Simulazioni lungo Lambro, Adda, Ticino e Olona
L’esercitazione coinvolgerà una ventina di Comuni, con attività distribuite lungo i principali corsi d’acqua dell’area milanese. Le squadre del volontariato organizzato saranno chiamate a operare in scenari complessi, costruiti per verificare la capacità di risposta del sistema locale di Protezione civile e per testare i piani comunali in caso di emergenza.
Tra i territori interessati figurano Sesto San Giovanni, Cologno Monzese, San Zenone al Lambro, Cerro al Lambro, Pieve Emanuele e Locate di Triulzi, lungo il Lambro e il Lambro Meridionale. Sull’Adda saranno coinvolti Trezzo sull’Adda, Vaprio d’Adda, Pozzuolo Martesana e Truccazzano. L’area del Ticino vedrà attività a Turbigo, mentre lungo l’Olona rientrano Canegrate, Parabiago e Pero.
I campi base saranno allestiti a Cinisello Balsamo, in via Gozzano, e a Rozzano, nell’area di Cascina Grande. Sono previste attività anche all’ospedale vecchio di Garbagnate, dove sarà simulato il recupero notturno di persone scomparse, oltre che ad Abbiategrasso, Busto Garolfo, Peschiera Borromeo, nell’area dell’Idroscalo, e Robecchetto con Induno, dove sarà affrontato lo scenario dell’evacuazione di animali da allevamento.
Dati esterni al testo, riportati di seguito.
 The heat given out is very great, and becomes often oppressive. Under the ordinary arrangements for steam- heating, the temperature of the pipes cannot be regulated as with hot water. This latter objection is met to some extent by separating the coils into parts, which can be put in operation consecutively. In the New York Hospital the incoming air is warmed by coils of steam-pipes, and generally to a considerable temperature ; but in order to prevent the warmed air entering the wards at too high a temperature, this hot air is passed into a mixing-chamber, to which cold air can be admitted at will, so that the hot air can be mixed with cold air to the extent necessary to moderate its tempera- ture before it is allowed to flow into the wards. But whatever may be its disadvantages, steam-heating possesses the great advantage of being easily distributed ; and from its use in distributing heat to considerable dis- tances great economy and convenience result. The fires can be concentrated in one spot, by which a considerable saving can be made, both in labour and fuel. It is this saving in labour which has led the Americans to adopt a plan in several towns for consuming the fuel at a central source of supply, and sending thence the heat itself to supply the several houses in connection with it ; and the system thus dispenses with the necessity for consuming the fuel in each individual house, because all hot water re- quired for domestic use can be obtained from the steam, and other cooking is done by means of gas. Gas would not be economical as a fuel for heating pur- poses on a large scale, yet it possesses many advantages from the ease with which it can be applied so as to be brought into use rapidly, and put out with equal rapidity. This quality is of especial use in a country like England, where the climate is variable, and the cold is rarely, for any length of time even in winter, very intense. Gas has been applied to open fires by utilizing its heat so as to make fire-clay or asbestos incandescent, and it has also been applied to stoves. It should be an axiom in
Droni, unità cinofile e attività notturne
Le prove operative comprenderanno interventi in ambito idraulico e idrogeologico, soccorso acquatico, logistica, ricerca dispersi, illuminotecnica e gestione delle aree di ammassamento. Saranno inoltre attivati scenari con droni, unità cinofile, sistemi di telecomunicazione avanzati e cucine da campo, con attività programmate anche in fascia notturna per verificare la piena operatività delle squadre.
La preparazione dell’esercitazione ha previsto momenti formativi nelle settimane precedenti, con l’obiettivo di aggiornare competenze tecniche, rafforzare il coordinamento tra volontari, amministrazioni locali e strutture operative, e rendere più efficace il raccordo tra i diversi livelli del sistema di Protezione civile.
Cerimonia conclusiva a Rozzano
Domenica 5 luglio, a partire dalle 10, Cascina Grande a Rozzano ospiterà la cerimonia conclusiva. Saranno consegnati gli attestati di partecipazione e verranno premiati anche volontarie e volontari impegnati durante le Olimpiadi e Paralimpiadi di Milano-Cortina 2026.
La consigliera delegata alla Protezione civile della Città metropolitana di Milano, Sara Bettinelli, ha definito MAST 2026 un passaggio strategico per rafforzare la capacità del territorio di prevenire e affrontare le emergenze. L’attenzione agli assi fluviali, dopo l’esperienza olimpica gestita dal sistema metropolitano, diventa una nuova prova di coordinamento per istituzioni, Comuni ed enti del Terzo Settore.